Repmgrd Start and Enable

Enable repmgrd autorestart with this command:

shell
sudo systemctl edit repmgr-14

Then, add:

[Service]
Restart=always

[Unit]
StartLimitIntervalSec=0

save and exit editor

Save and exit editor

Enable and start repmgrd for automatic db switchover.

shell
sudo systemctl start repmgr-14
sudo systemctl enable repmgr-14

Replication Check

To verify replication is working correctly use the following command:

shell
su - postgres
/usr/pgsql-14/bin/repmgr node check

Example of a good output:

[root@em2 ~]# su - postgres
Last login: Tue Jan 16 09:26:17 CET 2024 on pts/0
[postgres@em2 ~]$
[postgres@em2 ~]$ /usr/pgsql-14/bin/repmgr node check
Node "em2":
	Server role: OK (node is standby)
	Replication lag: OK (0 seconds)
	WAL archiving: OK (0 pending archive ready files)
	Upstream connection: OK (node "em2" (ID: 2) is attached to expected upstream node "em1" (ID: 1))
	Downstream servers: OK (this node has no downstream nodes)
	Replication slots: OK (node has no physical replication slots)
	Missing physical replication slots: OK (node has no missing physical replication slots)
	Configured data directory: OK (configured "data_directory" is "/var/lib/pgsql/14/data")

Configure sre.cfg

Before proceeding with the setup of other nodes, it's necessary to configure the accounting collector_id in the sre config file (/opt/sre/etc/sre.cfg).

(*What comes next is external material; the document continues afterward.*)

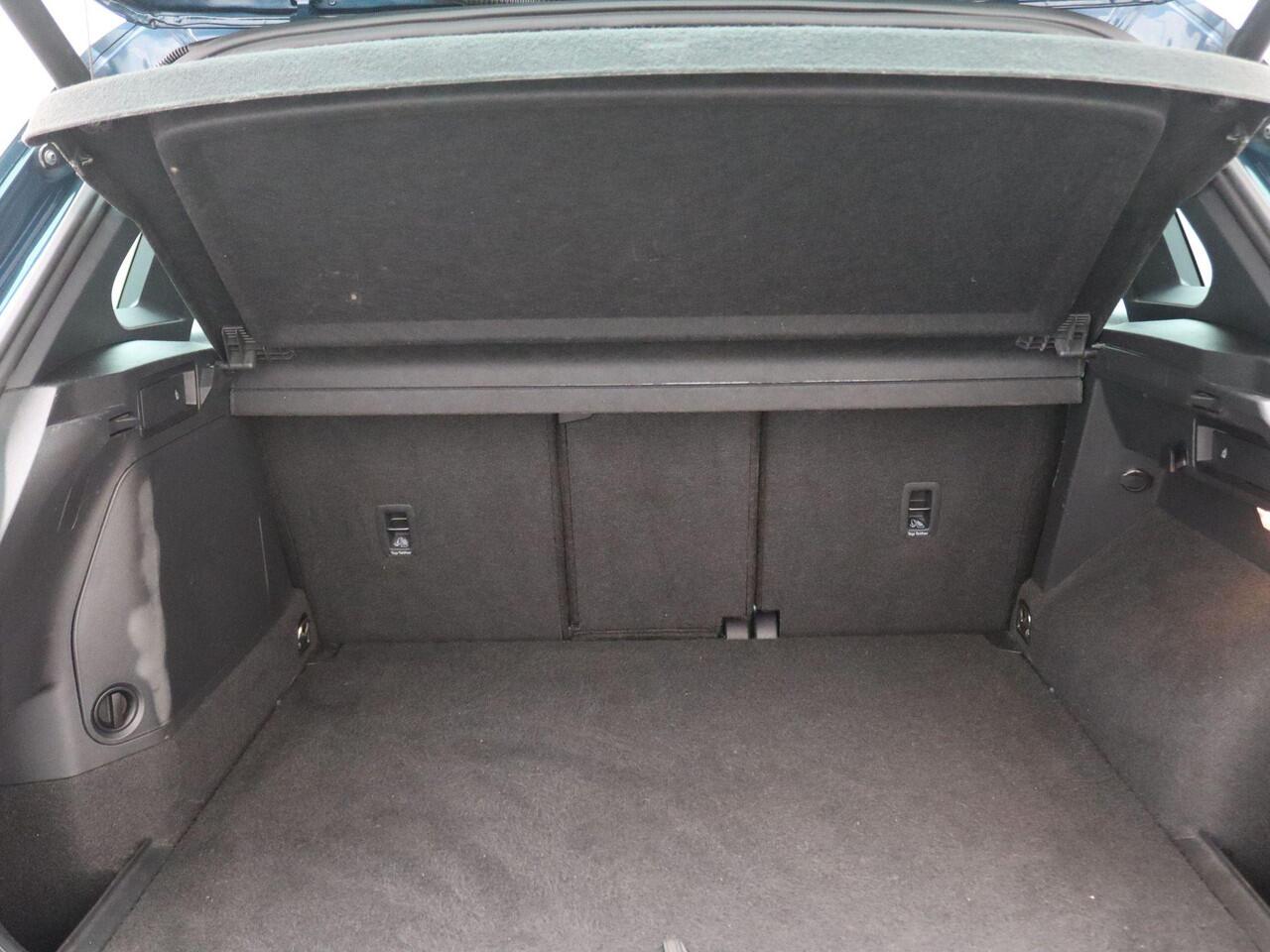 Volkswagen TIGUAN 1.4 TSI eHybrid R-Line Business+ 245PK DSG Matrix-LED, 360gr. Camera, Elektr. Achterklep, Side assist, Keyless, Virtual Cockpit, Park Assist, 19" LM Velgen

Make sure you have this line in the standby EM:

[accounting]
collector_id=2

LDAP Integration (Optional)

If you need to login to SRE with ldap credentials you need to add the authentication section in sre.cfg file, copying the same configuration done for the primary EM.

Call Processor Nodes Configuration

Postgres Configuration

Cloning the Database

Check that the PostgreSQL cluster is not running:

shell
sudo systemctl stop postgresql-14

Ensure that postgres data directory is empty:

shell
  sudo rm -rf /var/lib/pgsql/14/data/*

Edit the configuration file repmgr.conf in /etc/repmgr/14/ and set the parameters:

shell
sudo vi /etc/repmgr/14/repmgr.conf
  • node = <ID that should be unique in the SRE environment>
  • node_name=<name that should be unique in the SRE environment>
  • conninfo='host=<IP address of the server, this IP address should be accessible to all other nodes> dbname=repmgr user=repmgr'
  • data_directory='/var/lib/pgsql/14/data/'
  • location='dc1'
  • priority=0

INFO

If SRE is hosted only on one data center, you can put the same location as the one used for Element Managers.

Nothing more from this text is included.